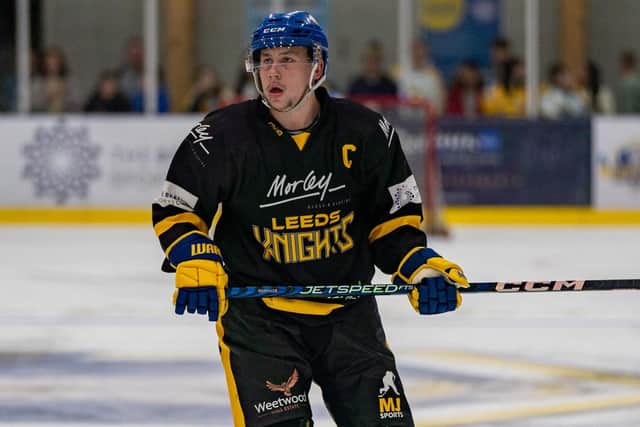 CAPTAIN FANTASTIC: Kieran Brown passed the 200-point mark for Leeds Knights on Sunday night, just halfway through his second season with the NIHL National club. Picture courtesy of Oliver Portamento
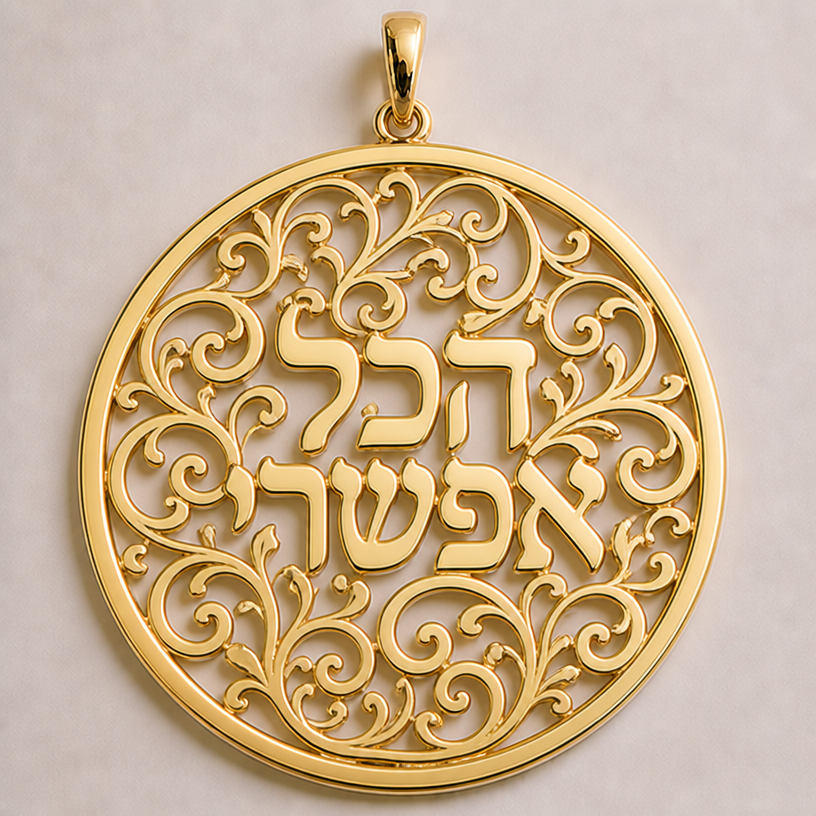 לא לא . בוא נתחיל מחדש.
אני רוצה שיהיה כתוב באמצע העיגול המילים: הכל אפשרי. בסגנון פלגרי. וברווח שנותר לעשות עיטורים קטנים בסגנון פילגרי
edit the attached jewelry design with these instructions: לא לא . בוא נתחיל מחדש.
אני רוצה שיהיה כתוב באמצע העיגול המילים: הכל אפשרי. בסגנון פלגרי. וברווח שנותר לעשות עיטורים קטנים בסגנון פילגרי. keep it photorealistic, just the design no text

• Exercise description:
Look through the material and report how many of its lines hold the string "כתוב", giving the number only.

• Your response:
2